§ THE TASK: Everything from the line holding "Used 2012 Lincoln MKZ FWD image 22" through the end of the records should be printed exactly, apart from the pictures.
------
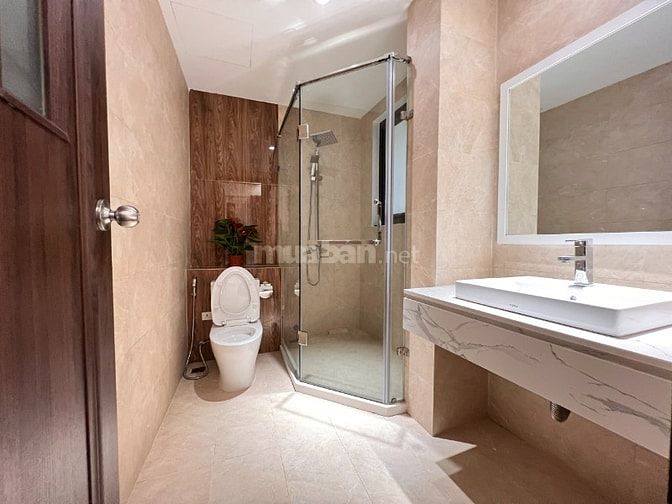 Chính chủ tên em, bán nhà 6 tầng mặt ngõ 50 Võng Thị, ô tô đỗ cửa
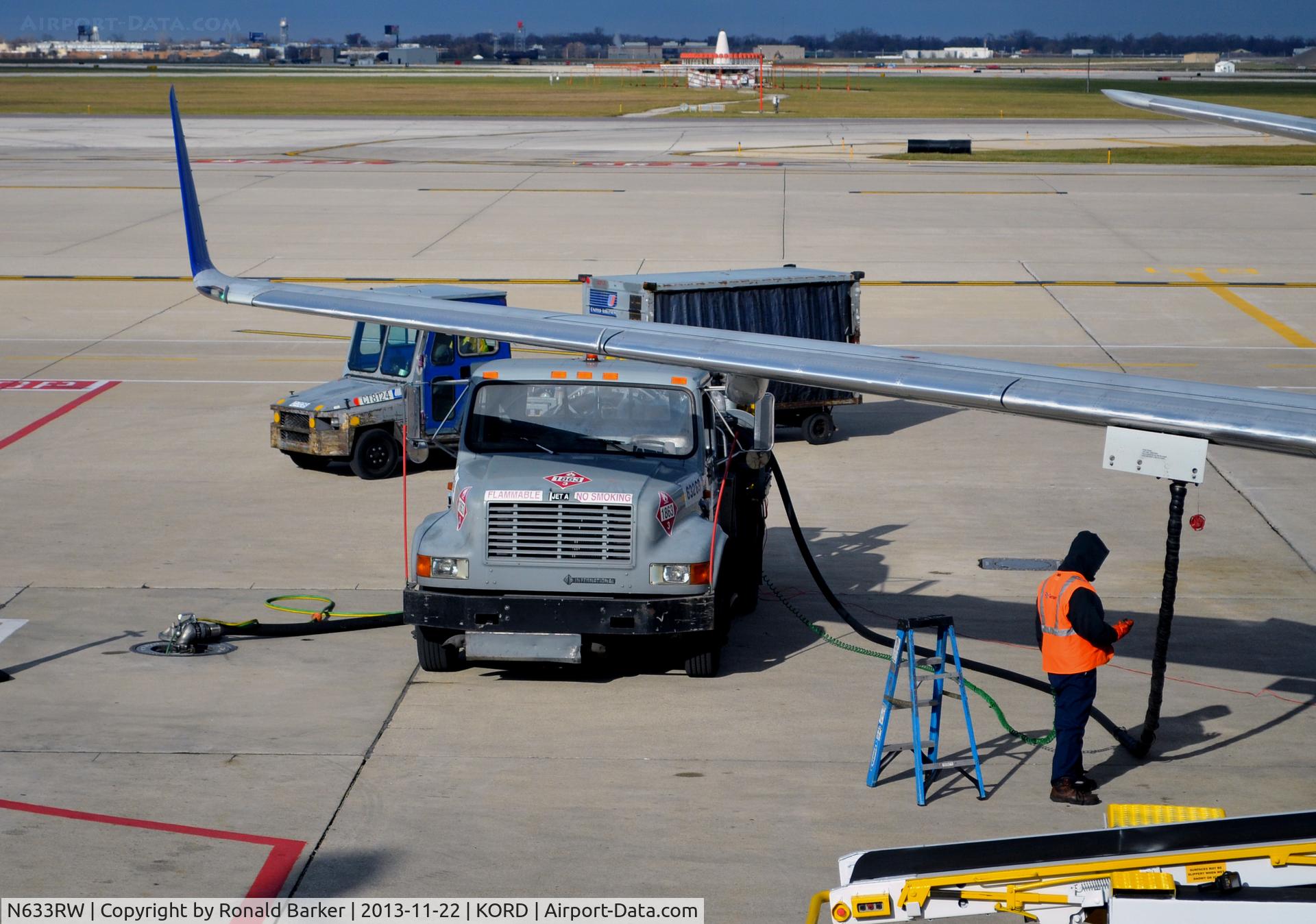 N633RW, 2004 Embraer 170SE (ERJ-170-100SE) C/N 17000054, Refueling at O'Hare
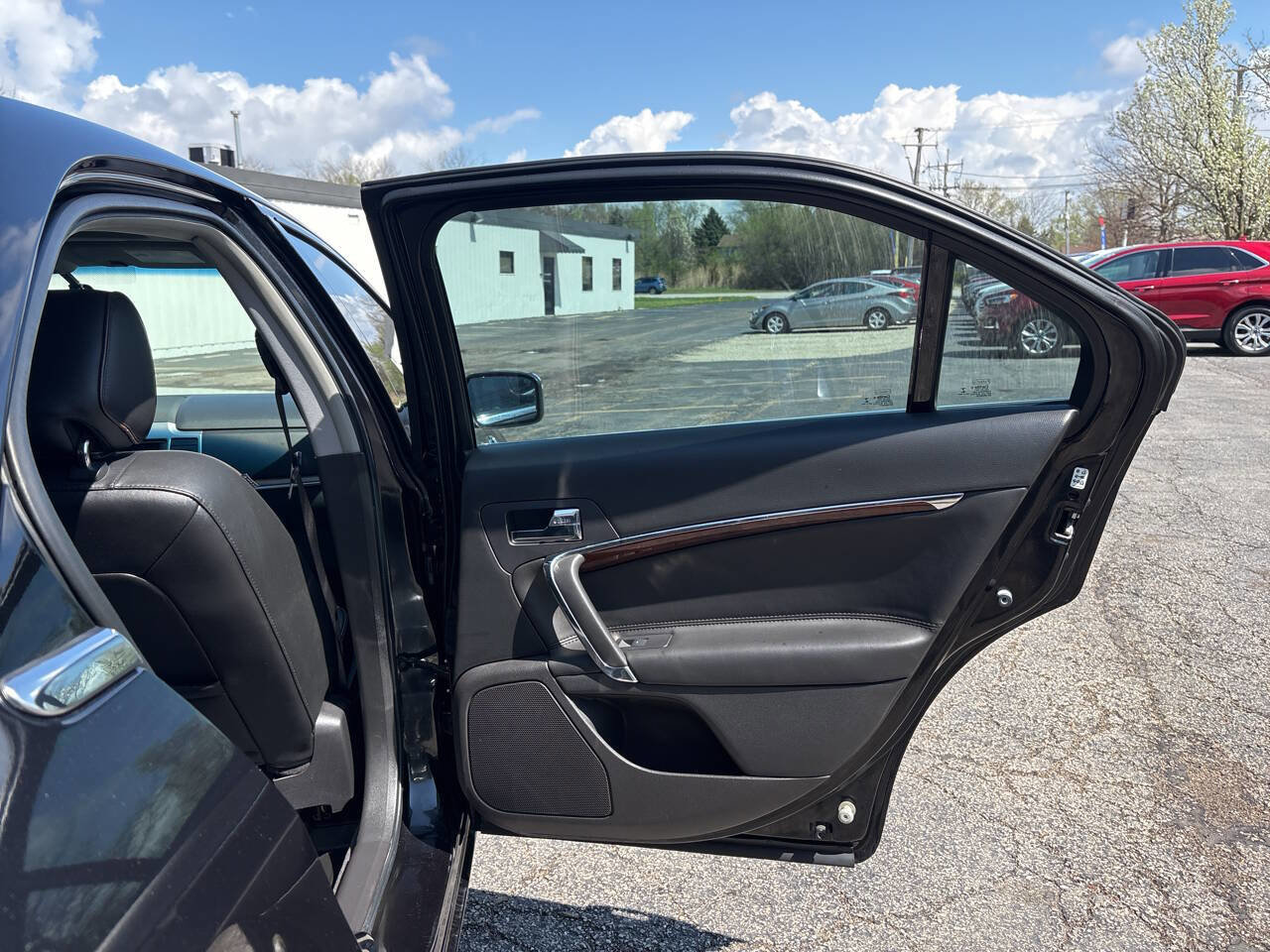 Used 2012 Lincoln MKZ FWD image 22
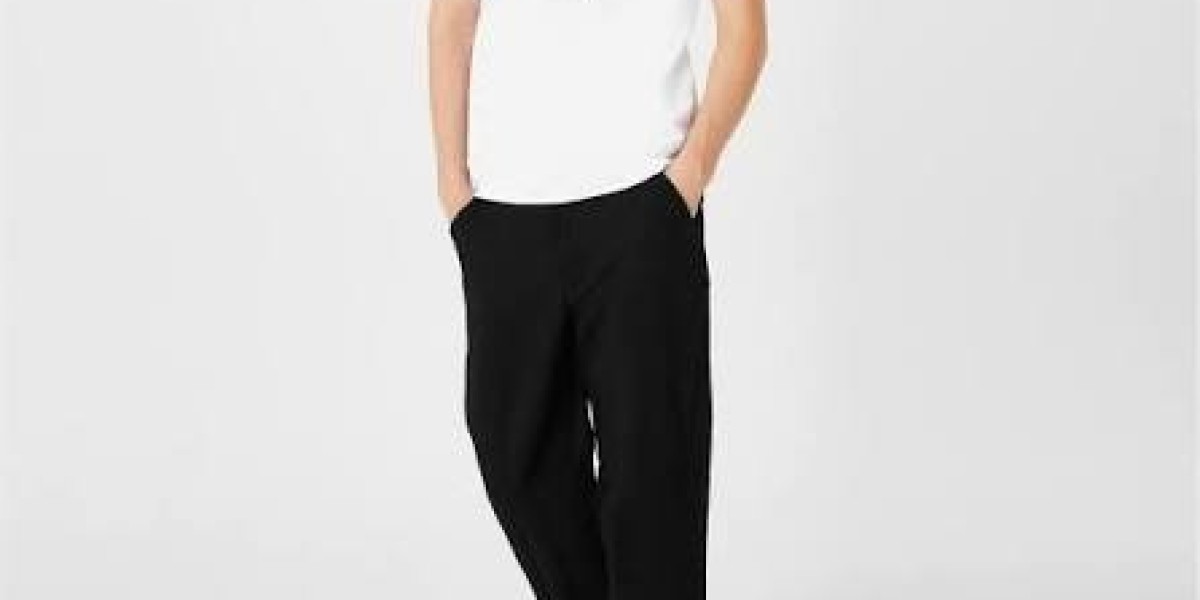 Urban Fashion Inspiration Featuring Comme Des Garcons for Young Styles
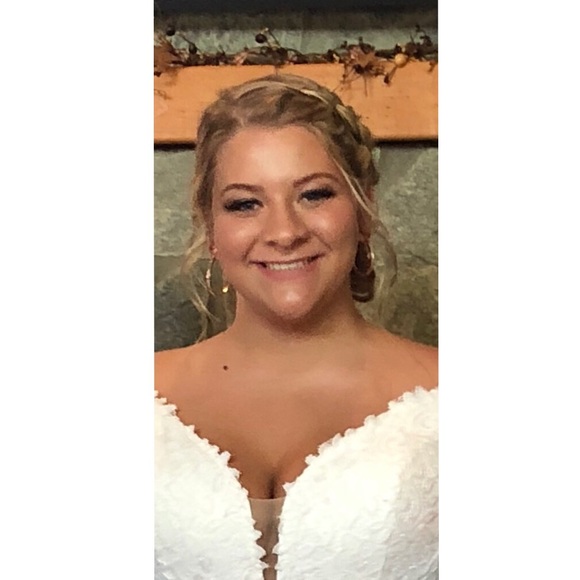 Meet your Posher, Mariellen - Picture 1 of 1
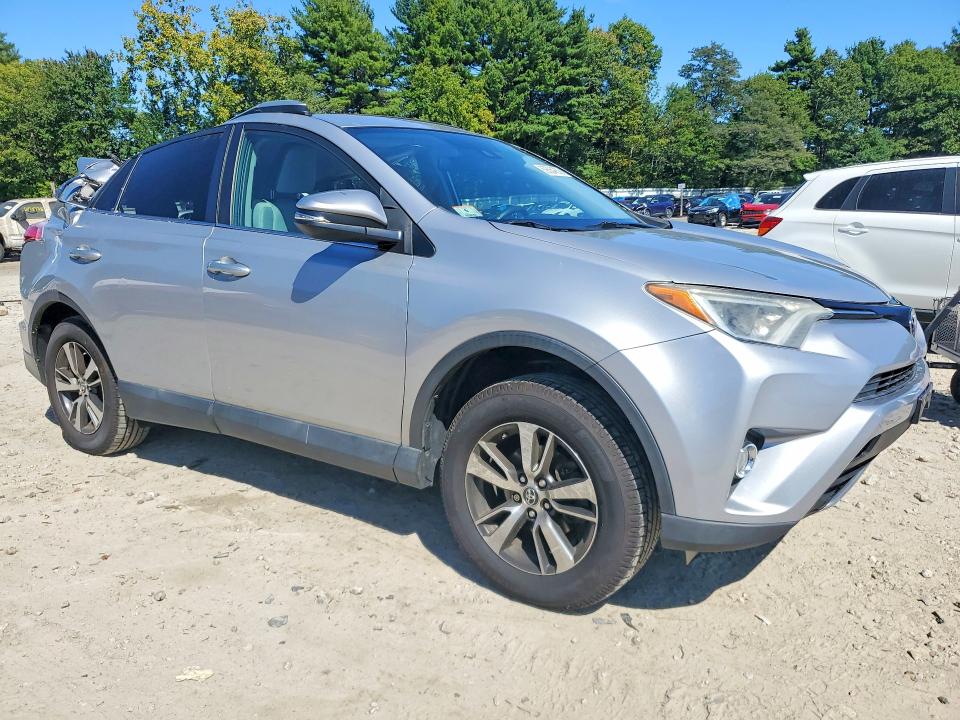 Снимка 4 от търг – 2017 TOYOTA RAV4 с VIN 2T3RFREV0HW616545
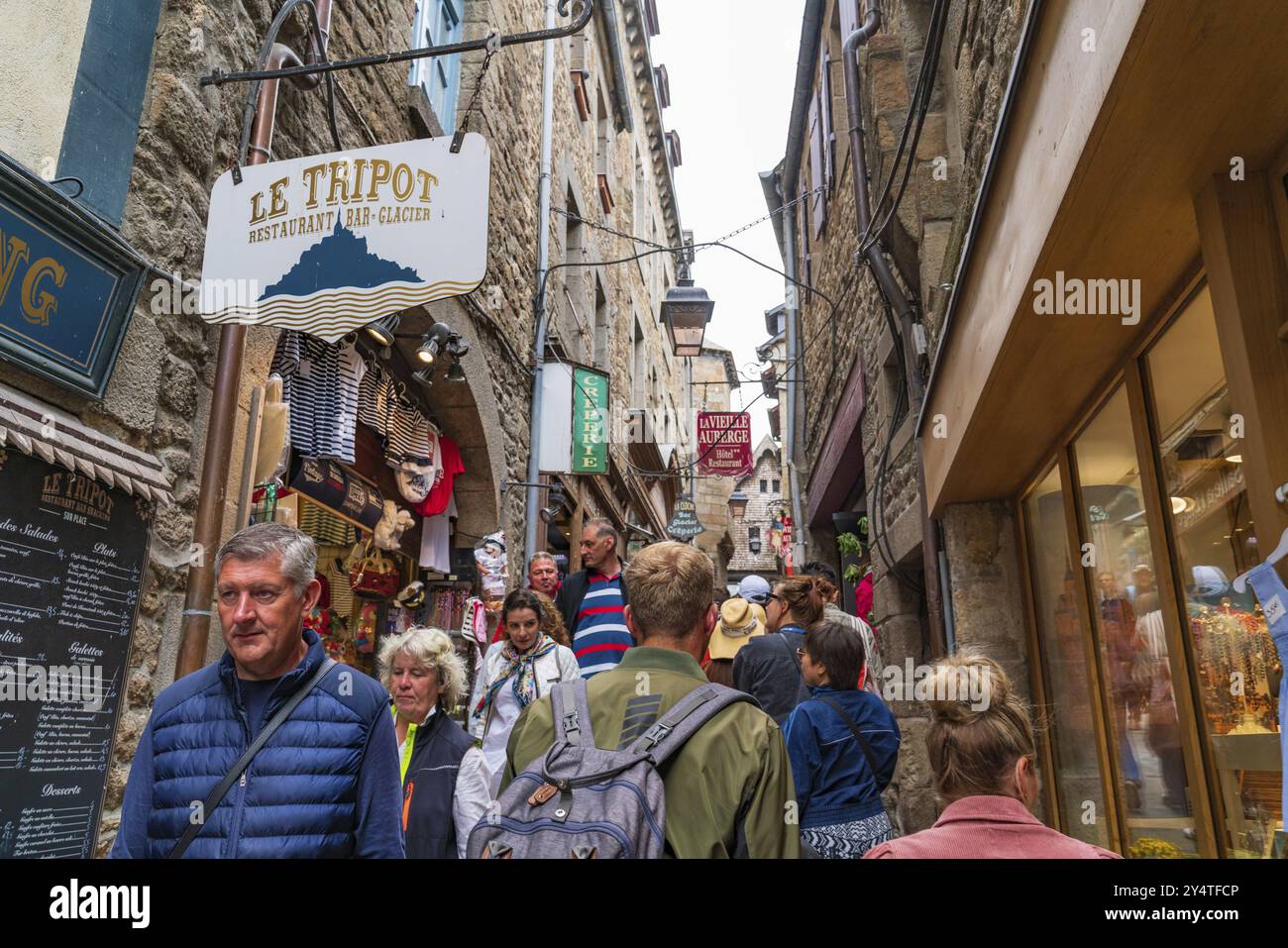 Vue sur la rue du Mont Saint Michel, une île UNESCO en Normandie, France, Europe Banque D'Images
------
§ ANSWER TO THIS EXERCISE:
 Used 2012 Lincoln MKZ FWD image 22
 Urban Fashion Inspiration Featuring Comme Des Garcons for Young Styles
 Meet your Posher, Mariellen - Picture 1 of 1
 Снимка 4 от търг – 2017 TOYOTA RAV4 с VIN 2T3RFREV0HW616545
 Vue sur la rue du Mont Saint Michel, une île UNESCO en Normandie, France, Europe Banque D'Images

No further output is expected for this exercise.